Reproduce exactly the lines of this material that begin at the line with "Woman with concussion" and end at the line with "Leather Gold with", both included. Omit the pictures and everything else.

• [INPUT MATERIAL]
[Start of section]

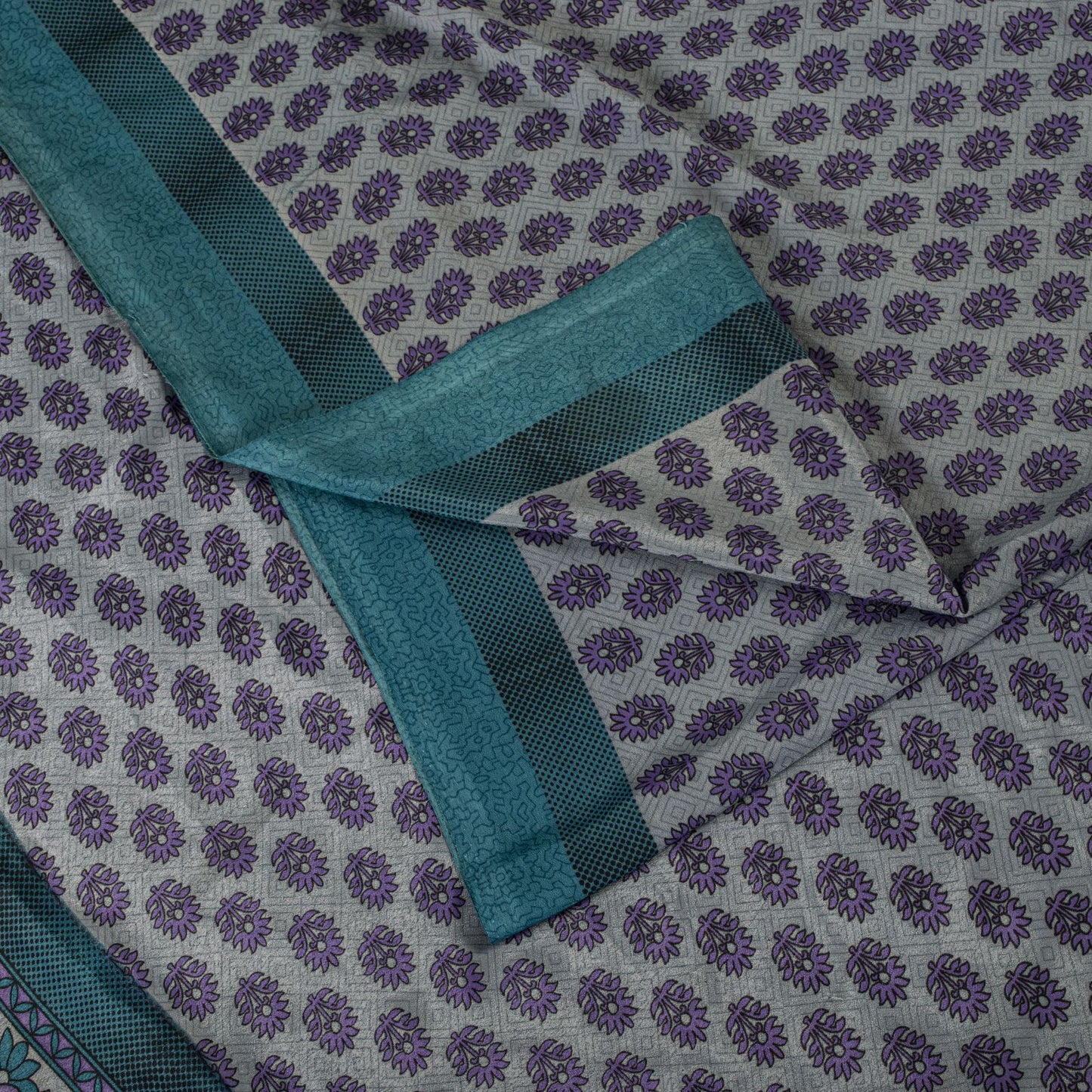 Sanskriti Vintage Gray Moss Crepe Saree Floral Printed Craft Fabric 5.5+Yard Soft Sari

[End of section]
[Start of section]

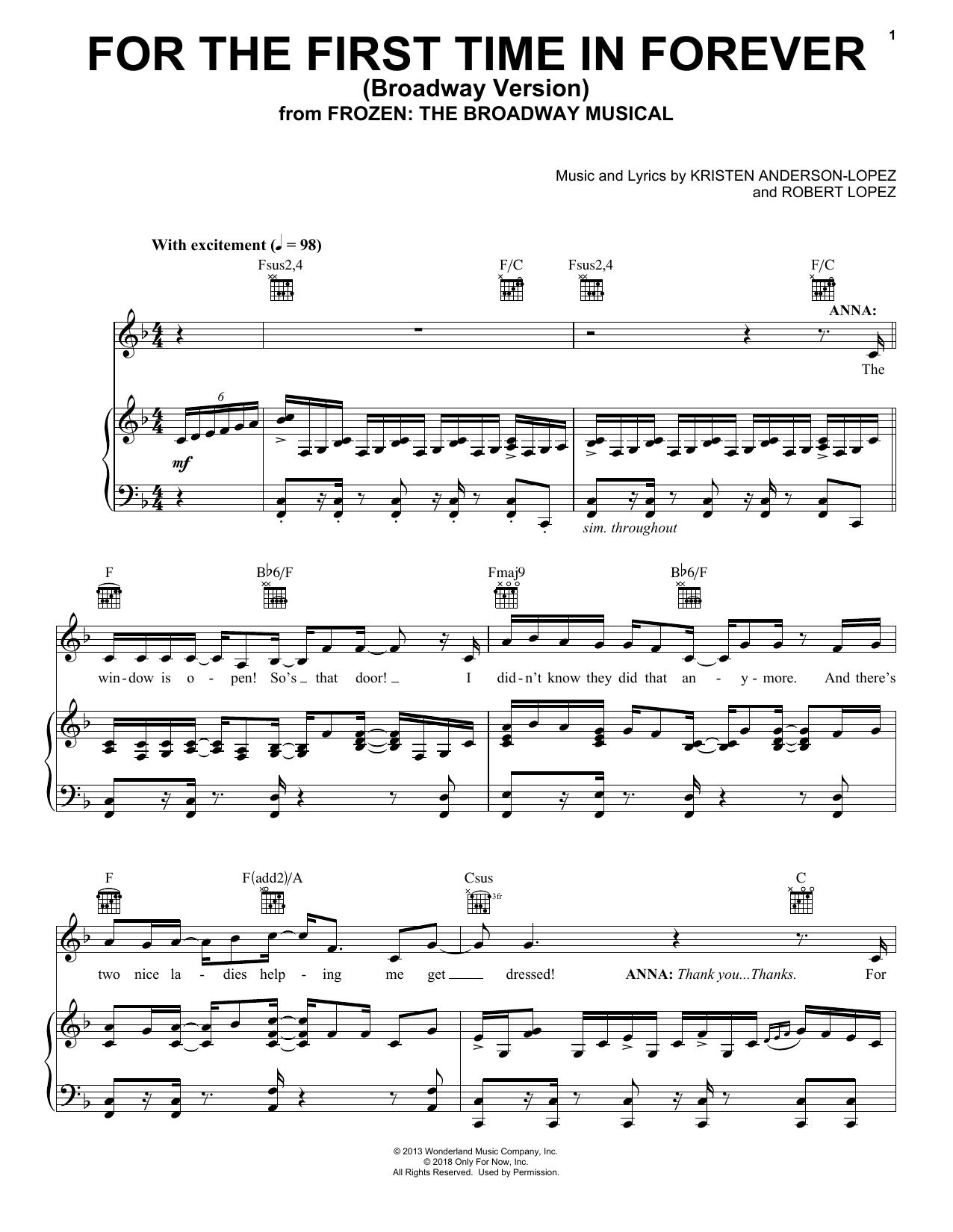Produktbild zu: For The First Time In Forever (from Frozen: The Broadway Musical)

[End of section]
[Start of section]

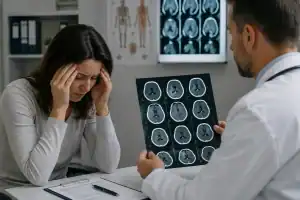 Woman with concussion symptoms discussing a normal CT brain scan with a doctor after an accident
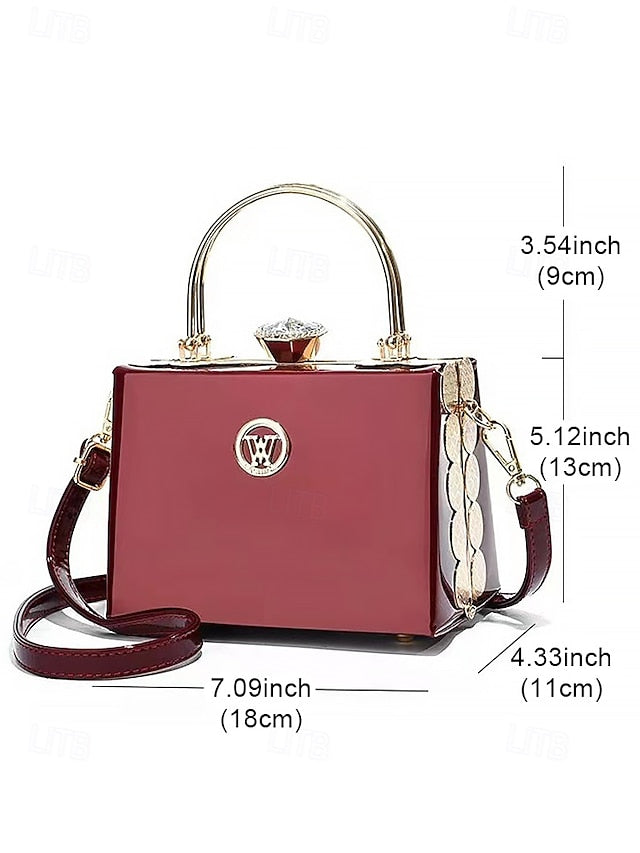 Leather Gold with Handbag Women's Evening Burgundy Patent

[End of section]

• [OUTPUT BELOW]
 Woman with concussion symptoms discussing a normal CT brain scan with a doctor after an accident
 Leather Gold with Handbag Women's Evening Burgundy Patent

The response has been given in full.